O que fazer para compatibilizá-los? Que ações objetivas devem ser empreendidas pelas organizações na busca desse propósito?
A resposta tem sido o foco crescente na responsabilidade social, na sustentabilidade, na ética empresarial, na empresa-cidadã, no respeito ao cliente. Não há dúvidas de que a questão moral está na crista das ondas.

É tema de preocupação de quaisquer fóruns de discussão, de crescente atualidade na imprensa em geral, no mundo acadêmico, nas lides políticas e classistas, na realidade empresarial.

Será que os jovens de hoje, conhecidos como da Geração Y e Z, constituem uma nova geração – a geração moral – diferente de 1960-1970, eminentemente mobilizada pela utopia política?

Para a geração dos “Anos Dourados”, a geração do movimento estudantil de 68, a utopia política fazia às vezes da moral. Para a geração atual, que ingressa mo mercado de trabalho, será que a moral substitui a política? 

Enfim, a questão moral se instalou no cerne dos debates. Tornou-se o tema da moda. E o tema na moda tanto se valoriza que se transforma em virtude. No entanto, no mais das vezes, a virtude da moda costuma resvalar para a hipocrisia.

Será mesmo que as empresas, entes essencialmente econômicos, transformam-se, pouco a pouco, em organizações morais? Será que, efetivamente, exercitam a aristocracia da virtude quando propugnam pela ética empresarial e se aplicam no desempenho de programas de responsabilidade social, desenvolvimento sustentável e empresa-cidadã?

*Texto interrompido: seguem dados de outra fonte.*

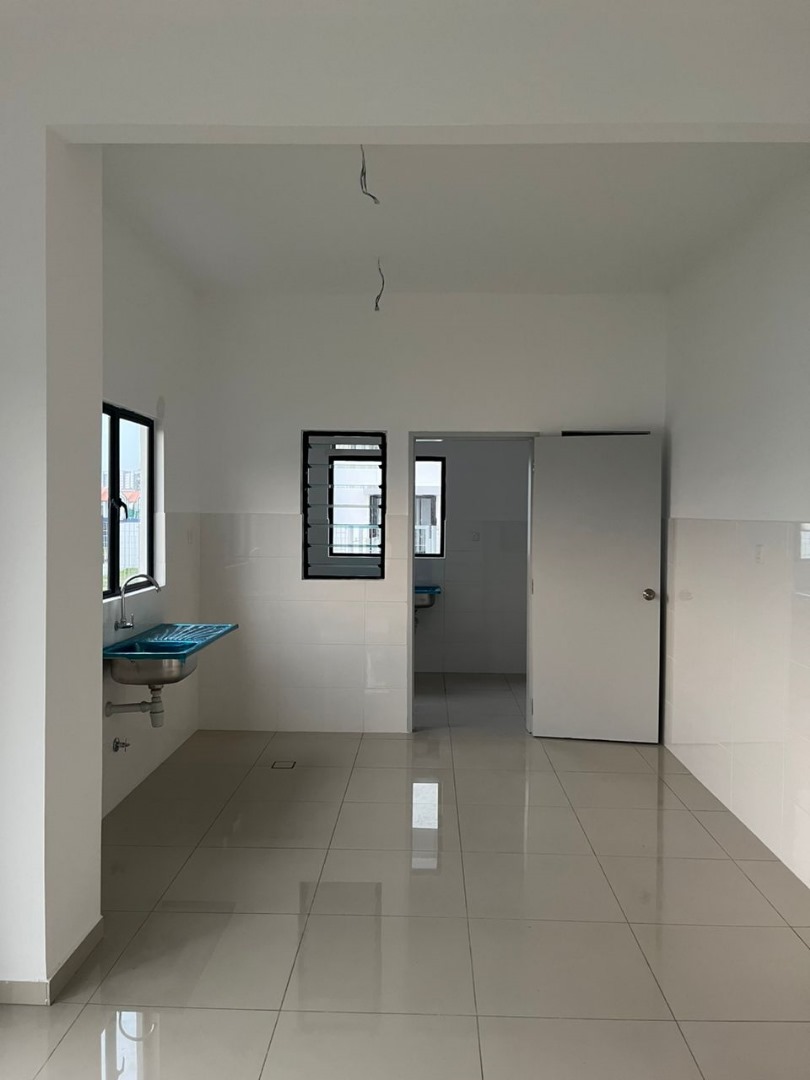 Setia Utama, By Water, Corner Lot For Sale - photo 4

Estamos no limiar de um novo tempo de respeito ao próximo ou vivenciamos a hipocrisia do superficialismo humanista?

01/08/16

moral

Uma empresa não tem moral: ela tem custos e clientes, tem lucro. Não tem deveres éticos: tem interesses e obrigações. 

Não tem sentimento, não tem ética, não tem amor ao próximo: só tem objetivos e um balanço a apresentar.

É óbvio: não há moral empresarial, nem ética empresarial. Mais precisamente, porque não existe moral da empresa. 

Deve haver moral na empresa, constituída permanentemente pela intermediação das pessoas que nela trabalham e que a dirigem.

E assim também para ética: pelo fato de a empresa não ter ética é que aqueles que nela trabalham e que a dirigem têm de ter uma.

Não contemos com a empresa para ser moral e ética em nosso lugar.